Colin Bragg is a composer and guitarist specializing in improvisation and creative sound design. His latest album “Entropy” harnesses an array of experimental tones and textures that radiate with blissful energy.
Colin shares some of his favorite songs in this weeks edition of “Five For Friday”. Get “Entropy” and all of his other releases here.
Tôru Takemitsu: Waterways
Tôru Takemitsu’s music is a beautiful balance of eastern and western influences. Paradoxically, he started his musical journey solely with western music, but John Cage’s Zen-influenced indeterminacy and Bunraku puppet theater awoke in him an appreciation for his own tradition.
This piece is so cool – it has an “Impressionist” vibe, but is even more spectral. Technically, the harps are tuned in quarter tones, there are various aleatoric looping sections, and the players are often simultaneously playing in different tempos. These elements create a gossamer-like sound, and I really like to play with similar ideas.
Terje Rypdal / Miroslav Vitous / Jack DeJohnette : “Sunrise”
Terje Rypdal’s music has a luminescent glow that sounds exactly like where it comes from – the land of the midnight sun. He sometimes channels guitarists John McLaughlin, Jimi Hendrix or David Gilmour, but he transforms idiomatic electric guitar sounds for his own compositional ends – just check out the slow motion pick slide and the end of this track that sounds like a jumbo jet flying overhead.
Éliane Radigue: Triptych
I remember goofing with the huge ARP 2500 modular synthesizer in the UGA School of Music electronic studios, and with a lot of effort and focus I would happen upon really interesting, pulsating sounds. That sort of play would inspire what I wrote for acoustic instruments, and what I do now with my humble synth setup.
Radigue recorded and released material solely realized with her 2500 for much of her career. Her music unfolds over long stretches of time and completely puts me into a trance, and gives me the confidence to let a sound exist for a long time before reaching for the knobs.
Miles Davis: “Go Ahead John” from Big Fun
Already an awesome performance, the fantastic production turns it into science fiction. Producer Teo Macero worked with looping, overdubbing, and other studio effects to create really wild, disorienting funk soundscapes for Miles. Whenever I think about manipulating a track’s stereo field when recording, I automatically think of this track.

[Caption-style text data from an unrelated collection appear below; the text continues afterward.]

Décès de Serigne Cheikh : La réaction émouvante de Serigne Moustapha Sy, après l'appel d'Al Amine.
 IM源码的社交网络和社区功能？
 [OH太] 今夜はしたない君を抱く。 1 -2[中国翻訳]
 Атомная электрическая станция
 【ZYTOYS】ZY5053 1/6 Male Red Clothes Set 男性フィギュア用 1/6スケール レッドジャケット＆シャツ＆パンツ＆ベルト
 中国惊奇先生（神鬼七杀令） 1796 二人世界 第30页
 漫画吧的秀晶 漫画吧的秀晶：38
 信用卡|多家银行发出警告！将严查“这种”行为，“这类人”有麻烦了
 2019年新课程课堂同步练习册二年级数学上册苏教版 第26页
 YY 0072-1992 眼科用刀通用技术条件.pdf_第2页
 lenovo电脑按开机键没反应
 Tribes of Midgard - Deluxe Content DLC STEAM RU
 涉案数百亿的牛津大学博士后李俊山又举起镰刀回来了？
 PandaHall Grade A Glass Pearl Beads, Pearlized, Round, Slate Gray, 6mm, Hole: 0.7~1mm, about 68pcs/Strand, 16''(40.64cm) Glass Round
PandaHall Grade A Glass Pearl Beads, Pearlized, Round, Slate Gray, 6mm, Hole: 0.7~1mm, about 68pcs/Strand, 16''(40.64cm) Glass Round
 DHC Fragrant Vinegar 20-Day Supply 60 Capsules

Suzanne Ciani : Buchla Concerts 1975
This album inspired me to start working on a live technique with analog synths. I’m often fishing for a sound to keep me going creatively, and after years of guitar playing the synthesizer offered a new path. Also, Ciani’s story is truly inspiring, and it’s heartwarming to know that although she has had a successful commercial music career, she was able to return to her musical love, tweaking the Buchla synthesizer.